Mentioned in SAL (#wikimedia-operations) [2017-05-04T06:26:25Z] <marostegui@naos> Synchronized wmf-config/db-codfw.php: Depool tempdb2001, no longer needed - T161712 (duration: 01m 08s)

Change 351772 had a related patch set uploaded (by Marostegui; owner: Marostegui):
[operations/puppet@production] mariadb: Get ready to decomission tempdb2001

https://gerrit.wikimedia.org/r/351772

Change 351772 merged by Marostegui:
[operations/puppet@production] mariadb: Get ready to decomission tempdb2001

https://gerrit.wikimedia.org/r/351772

Change 351777 had a related patch set uploaded (by Marostegui; owner: Marostegui):
[operations/mediawiki-config@master] db-codfw.php: Remove tempdb2001

https://gerrit.wikimedia.org/r/351777

Change 351777 merged by jenkins-bot:
[operations/mediawiki-config@master] db-codfw,db-eqiad.php: Remove tempdb2001

https://gerrit.wikimedia.org/r/351777

Mentioned in SAL (#wikimedia-operations) [2017-05-04T07:58:42Z] <marostegui@naos> Synchronized wmf-config/db-codfw.php: Remove tempdb2001 from config files as it will be decommissioned - T161712 (duration: 01m 25s)

Mentioned in SAL (#wikimedia-operations) [2017-05-04T07:59:57Z] <marostegui@naos> Synchronized wmf-config/db-eqiad.php: Remove tempdb2001 from config files as it will be decommissioned - T161712 (duration: 01m 07s)

Marostegui added a comment.EditedMay 4 2017, 8:00 AM

Position where tempdb2001 slave was stopped at: https://phabricator.wikimedia.org/P5374
Backup at: dbstore2002:/srv/tmp/tempdb2001.tar.gz
MySQL remains stopped.

@RobH I have merged: https://gerrit.wikimedia.org/r/#/c/351772/, https://gerrit.wikimedia.org/r/#/c/351769/ and https://gerrit.wikimedia.org/r/#/c/351777/ so the host is all yours to be decommissioned
If I have missed something, please let me know

"Decommissioned" in the software sense, I think they will want it to return to spares.
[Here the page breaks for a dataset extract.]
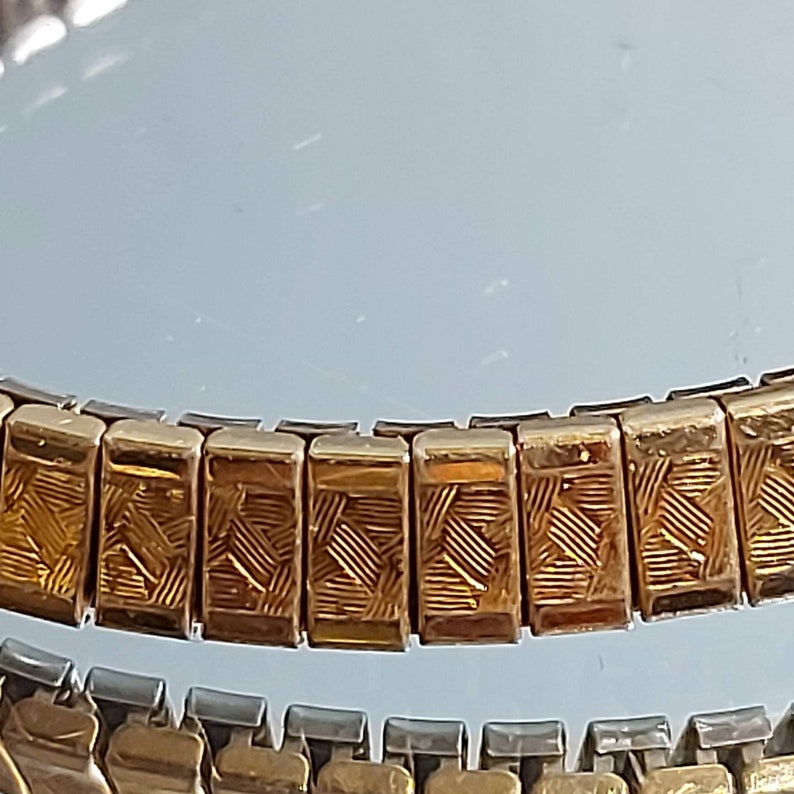 May include: Close-up of two vintage watch bands. The top band is gold-toned with a repeating rectangular pattern. The bottom band is silver-toned. Both bands are flexible and designed to fit a wrist.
Just clarifying in the very very unlikely event that robh doesn't remember this server was "his" and we start to put it off the racks. :-)

Thanks for the clarification :-)

RobH closed this task as Resolved.May 4 2017, 4:59 PM

Yes, this is a new system, so it's reclaimed to spares, not decommissioned.

I've created T164513 to track that, so this is being resolved.